Hayatta en önemli olan aslında, kişinin kendine dürüst olarak kendinin neleri hak ettiğini bilerek almayı seçmesidir. Yeri geliyor kul hakkı diyoruz ama kendi hakkımızı kim bilir ne kadar hiçe sayıyoruz.  

Her hata da pes ederek veya kendini yargılayarak başarısız olmaktan korkarsak ilerleyemeyiz. Her hata büyük öğretidir, önemli olan hatadan dersimizi alarak kaldığımız yerden yolumuza devam etmektir ve bunu fazlasıyla hak ediyoruz.
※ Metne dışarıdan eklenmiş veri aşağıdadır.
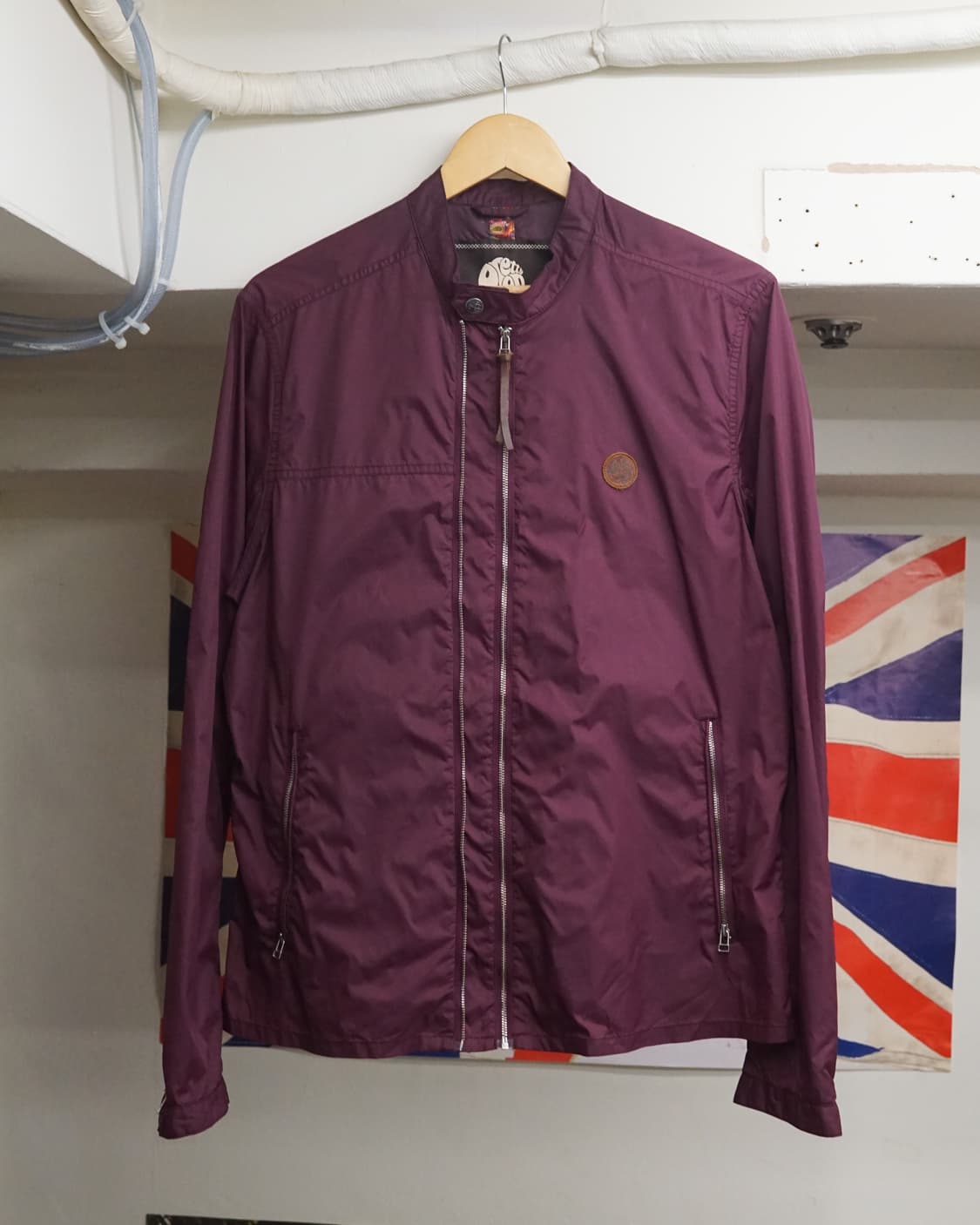 Pretty Green 상품이미지1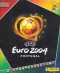 Uefa EURO 2004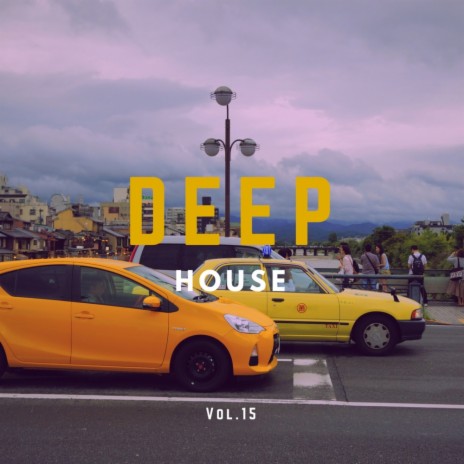 It's House (Original Mix) | Boomplay Music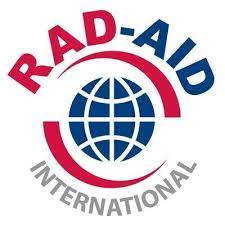 RAD-AID International collaboration with Guyana radiology team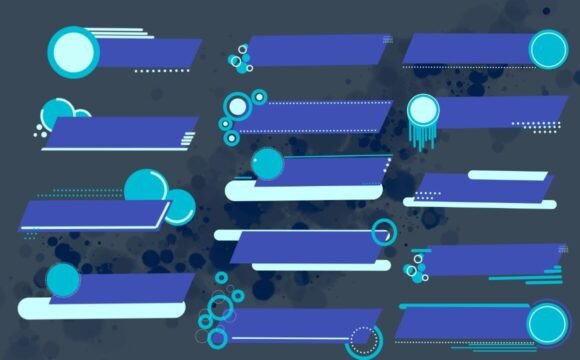 Modern Text Box Business: A Practical Guide to Presentation Design Assets
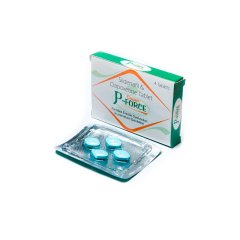 Dapoxetina+Citrato de sildenafil (2)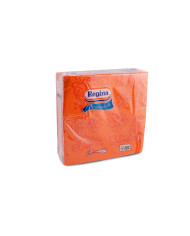 REGINA TOVAGLIOL.PROVENCE 2VELI 38X38 PZ 44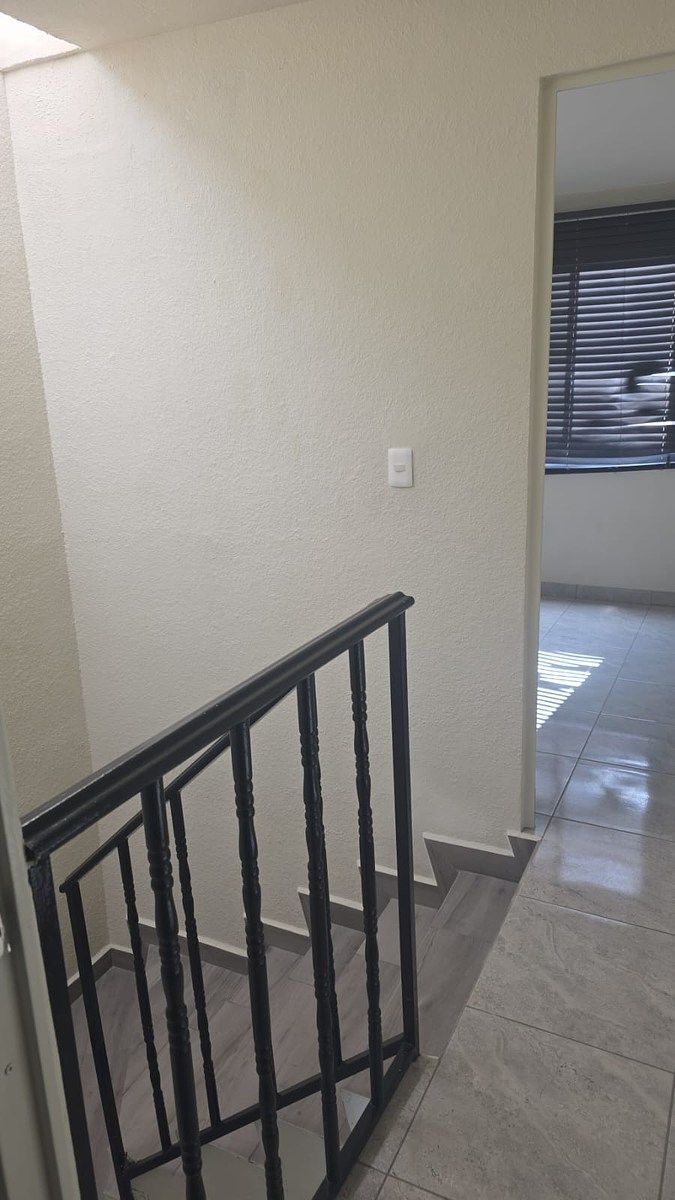 Casa en Pórticos de San Antonio, Tijuana, foto 9 de 13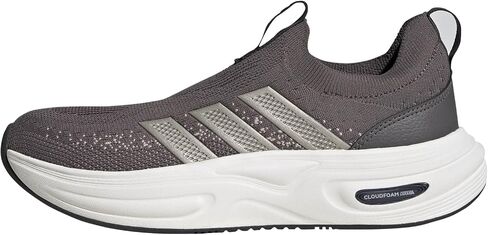 adidas Women's Cloudfoam Cuxxion Sock Shoe in Kuwait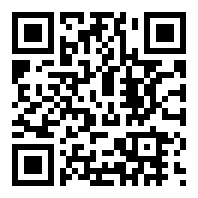 太原国珍互联网络传媒有限公司店铺码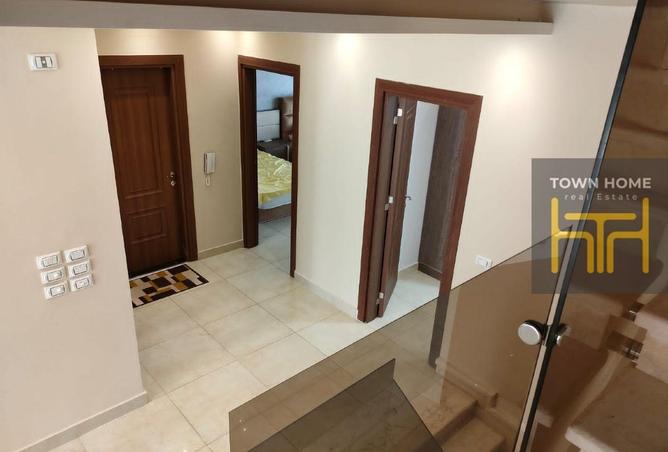 66961891 - صورة العقار 3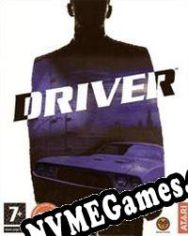 Driver (1999) (1999/ENG/Português/License)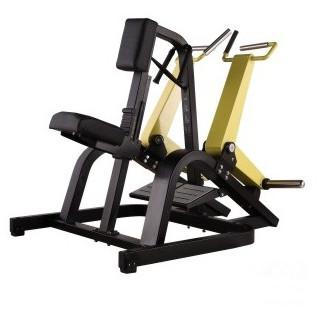 Buy cheap Seated Row from wholesalers
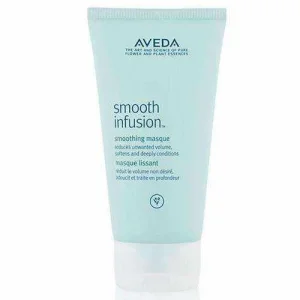 Aveda Smooth Infusion Yatıştırıcı Saç Bakım Maskesi 150ml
Gerçekten her bitiş finalinden sonra yeni bir başlangıç vardır, tekrar neyi yaşayacağına sen karar vereceksin, olumlu bir başlangıç mı, yoksa yaşadığın kaderi tekrar etmek mi;

Yeter ki bunun farkında olalım

Şu gerçek her karanlığın sonunda bir ışık, her gecenin sonunda pırıl pırıl doğan bir güneş olacak,

Şimdi şu andan itibaren yeni bir yön ve bakış açısıyla yeni başlangıçlara var mısın, denemeye değmez mi?